TMR looks at the 4 phases of property cycle

The property market follows a predictable cycle just like other types of investments


WHAT lies ahead for the property market is anybody’s guess, particularly given the volume of overhang units is on the rise.

Some industry experts say “we don’t have a crystal ball” when asked about the property market’s future, while refuting the possibility of the “property bubble bursting” soon.

In reality, the property market follows a predictable cycle, just like other types of investments. However, the duration of one cycle is not necessarily the same as another.

The Malaysian Reserve (TMR) looks at the four phases of a property cycle and compares it to the current situation in the country.

Phase 1: Recovery

The recovery phase is when there is little activity in the market as demand may be slow when the property market is recovering from a recession.

During this period, unemployment is relatively high, hence, there are declining vacancies in the market.

In addition, there would be no new construction underway.

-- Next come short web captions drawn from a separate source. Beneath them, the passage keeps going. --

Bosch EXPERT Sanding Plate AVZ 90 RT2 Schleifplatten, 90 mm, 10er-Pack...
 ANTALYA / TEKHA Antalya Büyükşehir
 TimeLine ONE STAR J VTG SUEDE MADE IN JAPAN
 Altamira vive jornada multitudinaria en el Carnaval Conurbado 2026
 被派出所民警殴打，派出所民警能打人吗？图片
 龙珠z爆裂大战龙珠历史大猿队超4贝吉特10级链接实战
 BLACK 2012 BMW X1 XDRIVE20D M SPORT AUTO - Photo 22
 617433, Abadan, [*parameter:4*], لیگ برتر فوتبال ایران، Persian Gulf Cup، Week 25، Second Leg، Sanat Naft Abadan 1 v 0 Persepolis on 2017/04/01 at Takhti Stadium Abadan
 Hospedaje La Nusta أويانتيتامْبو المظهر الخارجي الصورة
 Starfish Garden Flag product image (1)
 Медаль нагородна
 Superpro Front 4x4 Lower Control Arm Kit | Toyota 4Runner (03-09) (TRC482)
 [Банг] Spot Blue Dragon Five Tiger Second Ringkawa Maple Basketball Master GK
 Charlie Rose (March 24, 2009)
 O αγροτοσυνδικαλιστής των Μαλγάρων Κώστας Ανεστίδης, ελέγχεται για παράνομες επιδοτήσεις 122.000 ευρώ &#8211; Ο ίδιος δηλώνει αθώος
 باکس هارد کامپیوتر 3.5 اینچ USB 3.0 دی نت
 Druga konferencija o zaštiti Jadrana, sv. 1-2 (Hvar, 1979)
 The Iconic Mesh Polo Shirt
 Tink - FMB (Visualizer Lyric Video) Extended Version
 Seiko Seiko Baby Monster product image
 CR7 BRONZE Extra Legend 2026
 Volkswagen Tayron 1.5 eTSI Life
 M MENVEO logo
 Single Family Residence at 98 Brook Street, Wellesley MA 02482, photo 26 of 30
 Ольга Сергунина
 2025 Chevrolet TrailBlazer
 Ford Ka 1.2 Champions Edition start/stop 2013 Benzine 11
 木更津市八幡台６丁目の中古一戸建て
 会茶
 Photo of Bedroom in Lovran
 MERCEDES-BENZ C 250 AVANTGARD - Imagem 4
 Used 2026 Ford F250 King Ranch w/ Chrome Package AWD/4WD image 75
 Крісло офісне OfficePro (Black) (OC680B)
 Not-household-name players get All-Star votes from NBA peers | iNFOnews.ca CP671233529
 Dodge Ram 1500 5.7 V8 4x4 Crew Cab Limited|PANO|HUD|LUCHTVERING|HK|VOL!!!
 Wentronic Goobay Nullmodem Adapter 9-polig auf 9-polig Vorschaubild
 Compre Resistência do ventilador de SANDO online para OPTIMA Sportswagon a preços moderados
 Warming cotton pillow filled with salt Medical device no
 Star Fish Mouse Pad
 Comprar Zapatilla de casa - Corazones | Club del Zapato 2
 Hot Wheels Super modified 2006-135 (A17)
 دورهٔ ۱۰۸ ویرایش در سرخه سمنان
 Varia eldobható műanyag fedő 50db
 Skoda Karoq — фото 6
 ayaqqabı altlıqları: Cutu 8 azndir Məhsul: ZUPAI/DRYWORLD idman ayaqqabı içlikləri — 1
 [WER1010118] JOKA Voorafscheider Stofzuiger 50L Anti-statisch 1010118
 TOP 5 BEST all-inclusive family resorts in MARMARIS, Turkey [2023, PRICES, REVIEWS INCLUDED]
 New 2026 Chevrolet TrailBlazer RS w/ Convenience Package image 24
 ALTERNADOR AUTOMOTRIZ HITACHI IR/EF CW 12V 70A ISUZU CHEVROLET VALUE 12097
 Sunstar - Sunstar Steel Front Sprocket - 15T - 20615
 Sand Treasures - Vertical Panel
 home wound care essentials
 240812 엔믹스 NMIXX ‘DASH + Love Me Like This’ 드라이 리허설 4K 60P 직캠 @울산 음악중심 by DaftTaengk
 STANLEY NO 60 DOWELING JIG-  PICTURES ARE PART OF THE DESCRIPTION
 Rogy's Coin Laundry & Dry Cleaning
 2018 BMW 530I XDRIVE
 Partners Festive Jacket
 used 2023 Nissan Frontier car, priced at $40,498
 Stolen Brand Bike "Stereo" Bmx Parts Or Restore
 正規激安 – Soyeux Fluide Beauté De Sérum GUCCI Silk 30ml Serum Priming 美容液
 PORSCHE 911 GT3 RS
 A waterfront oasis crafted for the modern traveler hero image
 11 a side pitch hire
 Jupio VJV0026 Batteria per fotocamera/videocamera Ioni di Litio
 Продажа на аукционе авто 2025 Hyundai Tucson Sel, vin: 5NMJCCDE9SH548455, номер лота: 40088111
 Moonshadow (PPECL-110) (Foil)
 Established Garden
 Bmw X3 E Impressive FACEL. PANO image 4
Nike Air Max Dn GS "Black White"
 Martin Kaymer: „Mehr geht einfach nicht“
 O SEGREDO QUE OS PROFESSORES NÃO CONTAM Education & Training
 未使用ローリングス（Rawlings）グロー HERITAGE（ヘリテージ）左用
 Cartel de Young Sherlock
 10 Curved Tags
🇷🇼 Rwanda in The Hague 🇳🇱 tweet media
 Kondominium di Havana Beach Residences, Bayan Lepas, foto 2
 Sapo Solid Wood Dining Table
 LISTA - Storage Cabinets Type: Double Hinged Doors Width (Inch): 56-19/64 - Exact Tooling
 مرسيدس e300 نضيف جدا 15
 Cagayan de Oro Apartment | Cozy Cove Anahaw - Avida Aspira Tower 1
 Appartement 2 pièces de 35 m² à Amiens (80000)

Rental rate growth during the recovery period is either negative or flat and at levels that are below the rate of inflation.

Increased frequency of property viewings and stabilised prices are signs that the market is rising.

Buyers will come back because during the recovery period, the economics of buying is better than renting.

Investors will also return to the market to find deals that allow them a high cash-on-cash return.

Phase 2: Expansion

In this phase, markets are faced with growing demand as the economy strengthens and stabilises.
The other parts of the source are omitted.